Un lugar limpio y bien iluminado
Paradójicamente, la propaganda de lo auténtico y verdadero –marca personal en continua construcción como eslogan– hace del recogimiento una defensa donde permanecer extramuros del consumo degradante y la distracción programada. La habitación propia esgrimida por Virginia Woolf se erige en atalaya para neutralizar la baratura de los estímulos que moldean nuestra conduzca y enmarañan el entendimiento. Una postura autónoma y crítica frente al individuo aislado en el avispero de la masa, un paisaje de interior contrario al desgarro de la anomia y propicio a escuchar la voz propia y la de los otros, condición ineludible para clarificar perspectivas y sacudirse el cansancio de la indiferencia.

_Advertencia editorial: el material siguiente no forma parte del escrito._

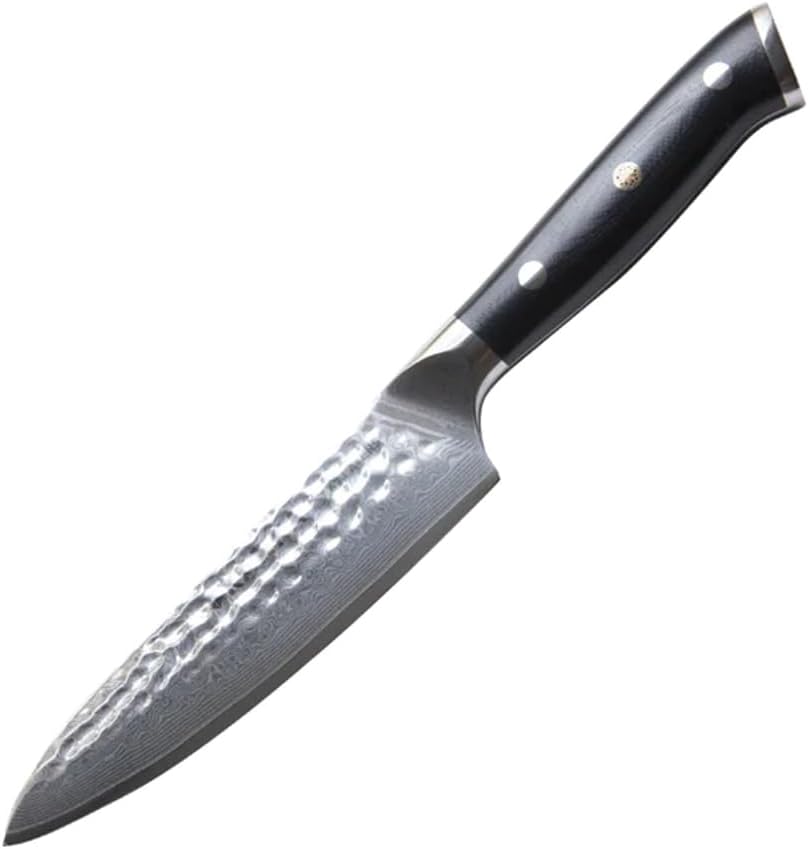 KANKA Cuchillo de chef profesional de acero de Damasco de 5 pulgadas, acabado martillado, 67 capas, mango de fibra de vidrio negro G10, cuchillo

Escribe Luis García Montero que “pensar un tiempo de prisas e incertidumbres significa buscar alianzas con la lentitud de las paradojas” (infoLibre, 25/12/21).

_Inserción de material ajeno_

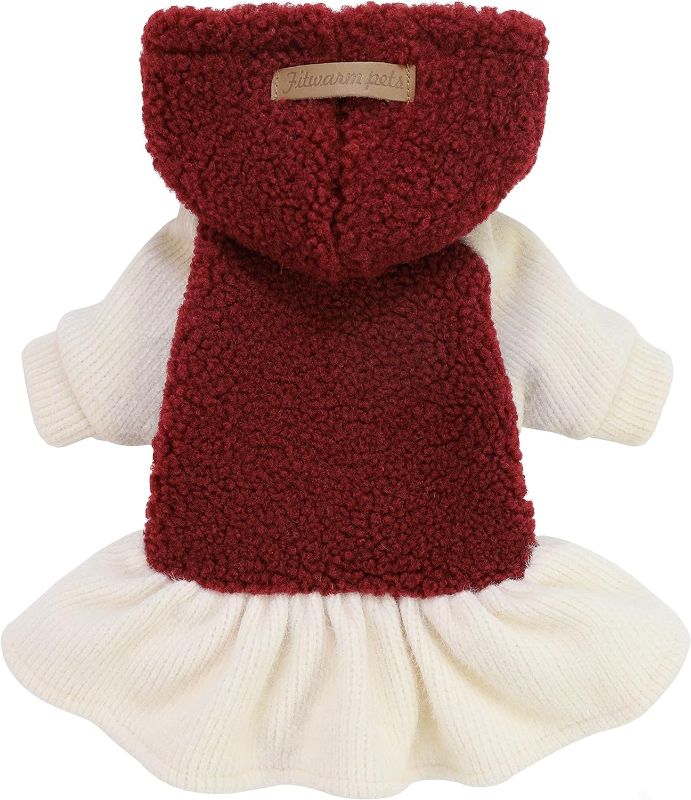 Photo 1 of Fitwarm Fuzzy Sherpa Dog Winter Clothes Dog Hoodie Dresses Thermal Skirt Girl Doggie Dress Thick Jacket Puppy Outfits Coat Cat Sweatshirt Apparel Burgundy Red Medium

El éxito de series televisivas como El juego del calamar radiografía los marcos cognitivos que actúan como imagen explicativa de la sociedad capitalista. Al margen de las polémicas superficiales sobre si los niños imitan o no estos juegos macabros, no es una cuestión ésta que deba quedar desatendida en las escuelas. Lo relevante, sin embargo, no es el dedo que señala a la luna sino las metáforas que conforman los imaginarios culturales hegemónicos. Si la institución educativa asume la defensa del conocimiento y la razón como diques contra el azar lúdico que acrecienta la ignorancia, el darwinismo social al servicio de la productividad no puede ser la idea predominante. La escuela adquiere sentido en el propósito contracultural de revertir este tipo de conductismos tóxicos y corrosivos. Cuando la realidad aumenta y rebosa la inflación informativa, la habitación propia es un reducto a resguardo ideal para distinguir las voces de los ecos, el aprendizaje de la soledad, el ensayo de uno mismo. Además, descuidar nuestro jardín pone en olvido la función de algo en apariencia tan inocente como la imaginación que rompe estructuras rígidas de pensamiento.

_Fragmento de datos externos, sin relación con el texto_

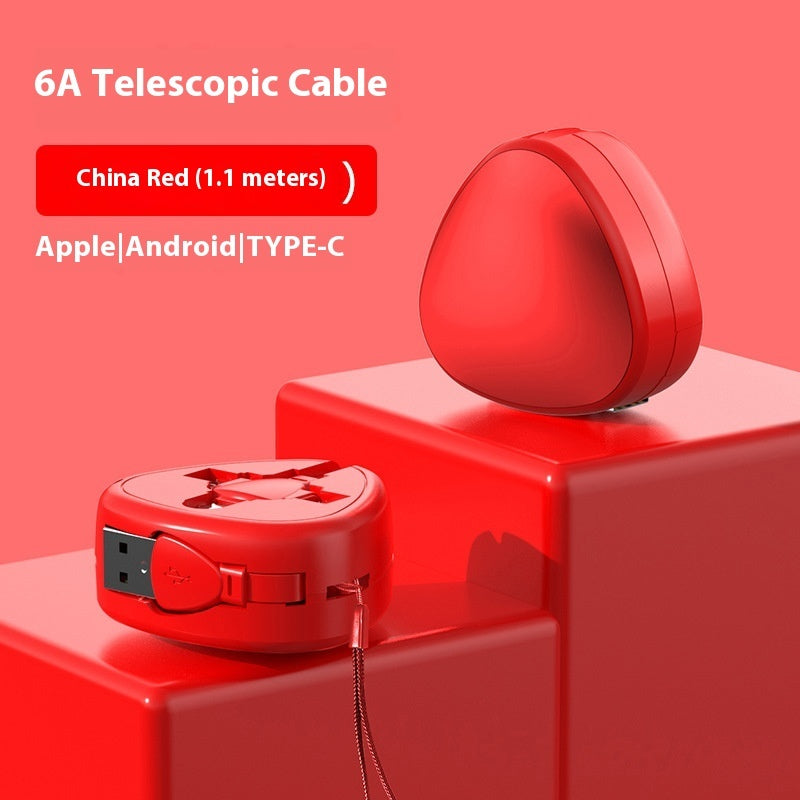 3-in-1 Telescopic Fast Charging Cable – Compact & Travel Friendly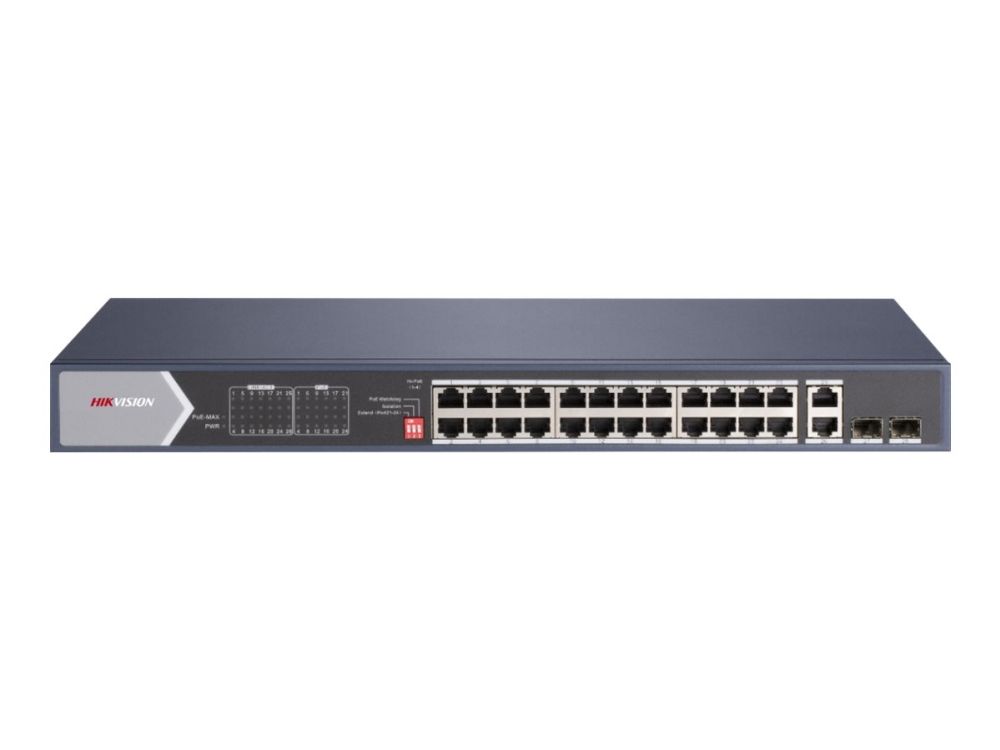 Hikvision Pro Series Ds-3E0528hp-E - Switch - Ikke Administreret - 20 X 10/100/1000 (Poe) + 4 X 10/100/1000 (Hi-Poe) + 2 X 10/100/1000 + 2 X Gigabit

El éxito de series televisivas como El juego del calamar radiografía los marcos cognitivos que actúan como imagen explicativa de la sociedad capitalista
En Un viaje frustrado, cuento recogido en la reciente recopilación La ceniza de la vida. Narraciones 1949-1967 (Edt. Destino, 2021), Josep Pla narra el precoz desencanto del gusto juvenil por la aventura, el reverso de la trama dionisiaca que desde muy pronto él intuye y dirime a lo largo de su obra. El personaje Hermós encarna aquí la fuerza de la naturaleza indómita, un Robinson Crusoe con la inocencia de los sueños por cumplir que vive en la soledad de una caleta con apenas cuatro cordeles y una pequeña falucha para pescar. Propone a su joven amigo Pla, intelectual en ciernes y por tanto ávido de experiencias sobre las que contrastar sus ideas literarias, la posibilidad de un viaje bordeando la costa desde el Canadell hasta la frontera de aguas francesas: “Hemos de demostrarles –afirma– que también se puede ir a Francia a remo y vela. Ahora todo el mundo tiene embarcaciones a motor, todo el mundo se ha vuelto valiente y arriesgado”.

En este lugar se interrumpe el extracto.